A posteriori : République, c'était un bon présage.
Il avait l'air amusé quand je me suis assise de nouveau à côté de lui. J'ai expliqué, j'ai dit que j'étais dans mon livre, j'ai cru avoir loupé ma station. Il m'a dit : lisez, je vous préviendrai. J'ai trouvé ça gentil, et puis drôle aussi, parce comment m'aurait-il prévenu, il ne savait pas où j'allais.
Alors j'ai regardé ses mains. Forcément, il avait beau ne pas être en face de moi mais à côté, des mains comme ça je ne pouvais pas les laisser passer.
- Alors vous me dites que vous lisez et en fait vous regardez mes mains.
Nous avons fait plusieurs essais, nous sommes tombés d'accord que celles là étaient les meilleures, sur fond de bitume ces mains là passaient très bien.

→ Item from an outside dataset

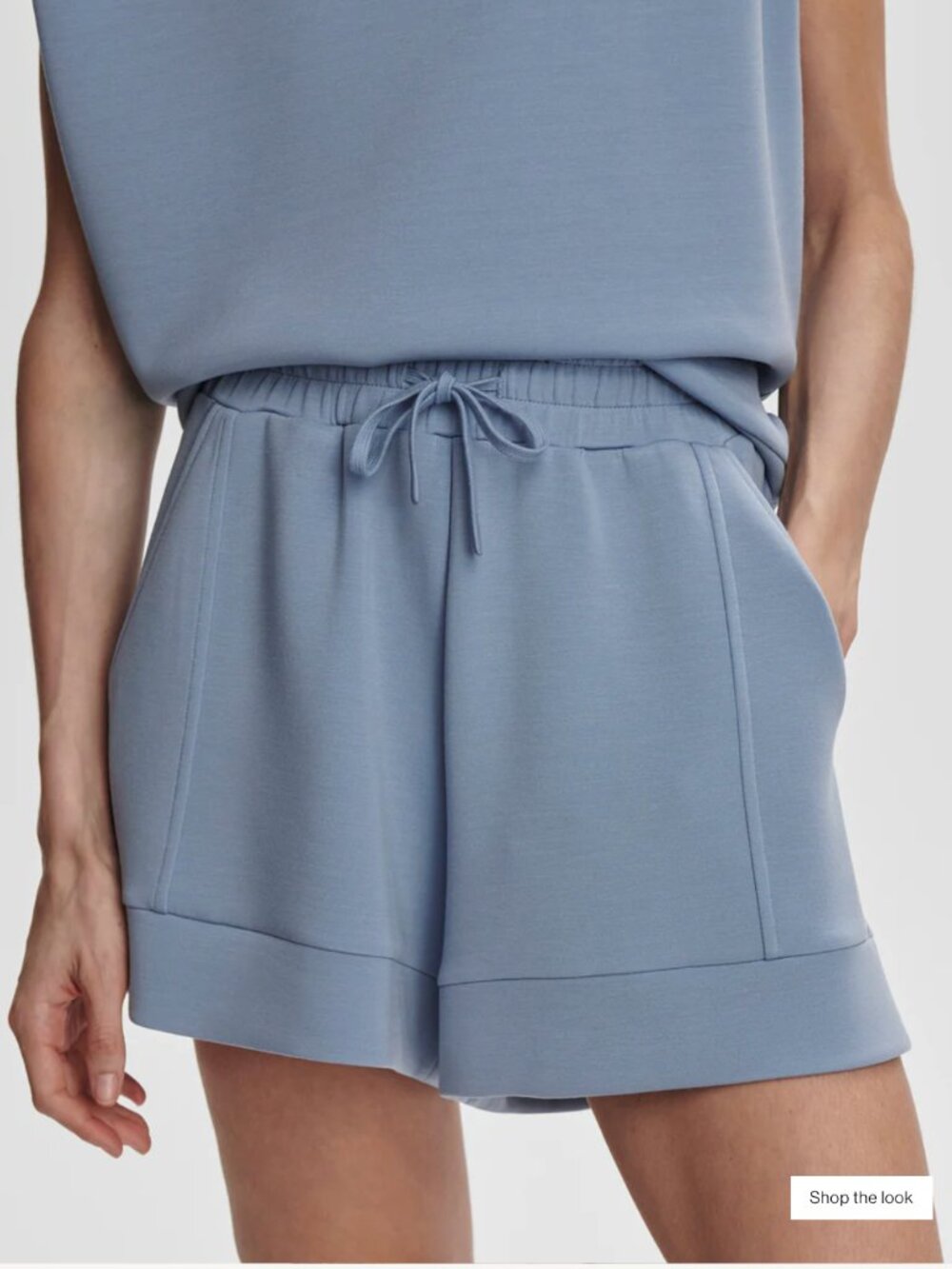 NWT Varley Atrium High-Rise Short 4.5" size S color Rain Blue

Entre temps on s'était mis à se tutoyer.
De ses mains je sais qu'une des deux ne s'ouvre pas bien car elle a été trouée. La cicatrice se voit peu, sous les dessins. Il y a deux inscriptions en écriture thaïe, son prénom, et le nom de la boxe thaïe, car il en a fait beaucoup. Il a une tête de mort sur la main droite (la moto) et une fleur sur la main gauche. Il a les 5 points (seul entre quatre murs), dont je ne connaissais pas la signification, et qu'il a camouflé pour ne pas avoir d'ennui au travail. Il m'a dit avoir aussi des yeux sur les genoux, un éléphant dans le dos, la tête de Maure Corse sur le poignet, et bien d'autres choses encore qu'il ne m'a pas décrite en détail, car sa peau est un vaste territoire marqué d'absolument partout, et l'emplacement de quelques tatoutages lui est incertain.

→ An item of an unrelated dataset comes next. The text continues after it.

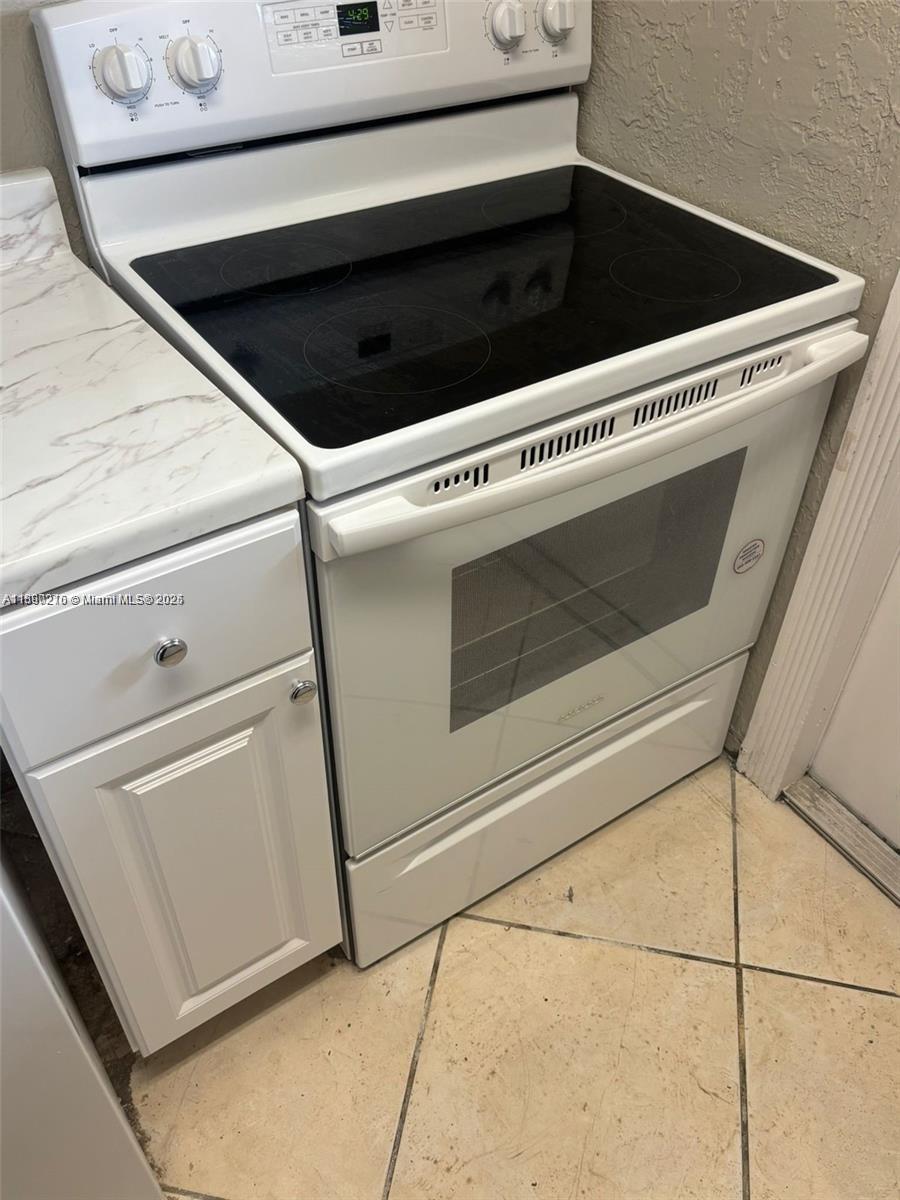 PIERCE APARTMENTS CONDO - Residential Lease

Il a fait son premier tatouage à seize ans, et le deuxième, la Corse, il l'a coloré seul, chez (j'ai oublié le nom) à Pigalle. Il m'a demandé si je connaissais l'endroit. J'ai dit non, que c'était un monde qui m'était étranger. Il a rigolé, il m'a dit, faut sortir un peu, Cécile. J'ai déjà sorti la tête de mon livre pour regarder ses mains : c'est un beau début.
Il m'a dit aussi, que sur son pied droit, je crois, toujours à cause de la boxe thaïe, il avait fait inscrire : morituri te salutant.
Ceux qui vont mourir te saluent. On ferait bien parfois, de s'adresser comme ça les uns aux autres : pas pour se donner des coups de pieds, mais pour ne pas oublier de se serrer la main.